The missing part of the story here is that the movie was slated to be HBO Max long after we’d started. It wasn’t like I signed up and it’s like, “Hey, go make this movie for HBO Max.” We were making a theatrical movie and then the COVID landscape, understandably, put studios under pressure because people weren’t going to theaters. They started to pivot movies. A big movies like “Dune” was day-and-date and it was a surprise to me, that HBO Max thing came as a surprise, but I never gave up hope and the brilliant people I worked with over at New Line didn’t give up hope either. They were like, “Don’t let this distract you. Go make the movie you want to make.”

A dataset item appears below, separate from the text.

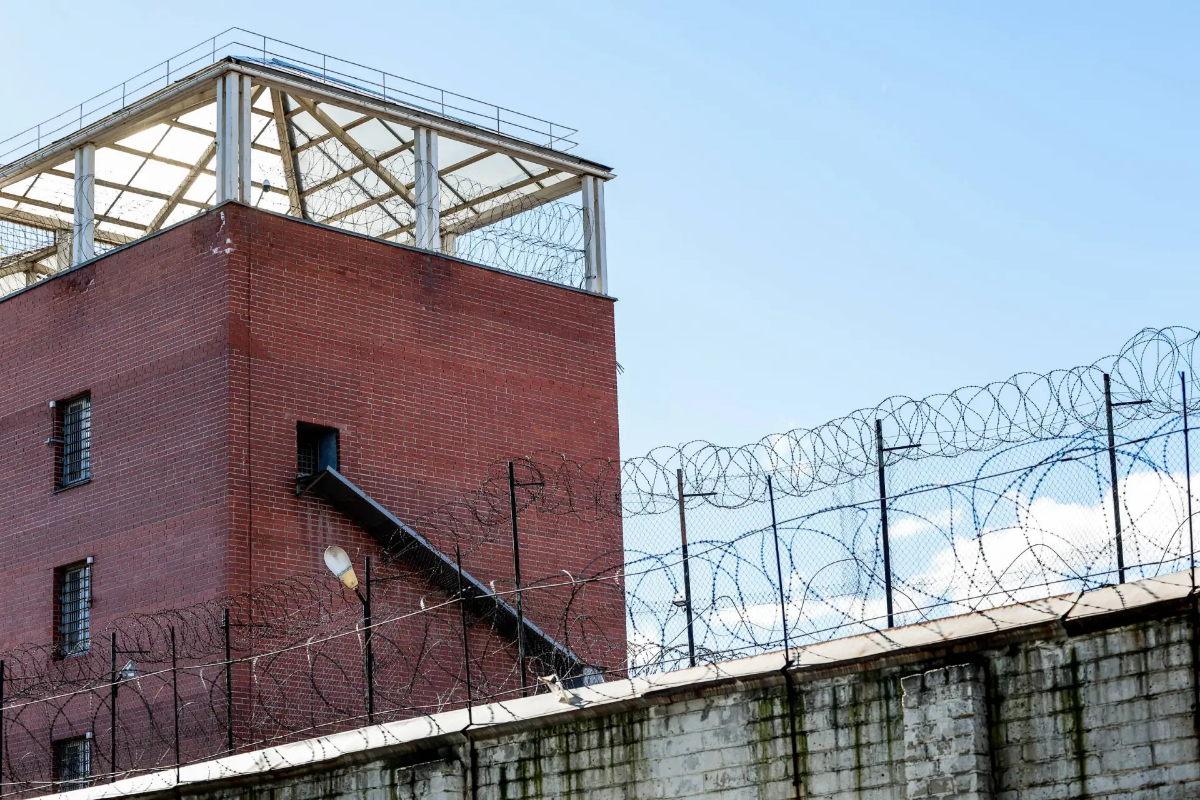 Полковник МЧС на Урале получил 6 лет колонии за стройку коттеджа солдатами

Whether I make a movie for a streamer, or an iPhone or the big screen I’m always thinking in the most epic terms I can. That was one of the mad things about this movie. It’s so contained, but I also wanted it to feel quite epic — even though we’re inside an apartment — and feel like a super widescreen movie. Then the movie went through the usual testing and by the time we did a final test screening it scored at a very, very high level for such a hardcore R-rated horror movie. Thankfully, important decision makers were in the room to experience that with an audience and sometimes that’s all it comes down to with movie making.

You hear the phrase, “It plays in a room,” therefore, let’s put it in a room. This movie does play in a room and I’m very excited that people will get to sit in a cinema together and spill their popcorn and God knows what else. We had our first puker at the European premiere of the movie, so I’m hoping more of that happens.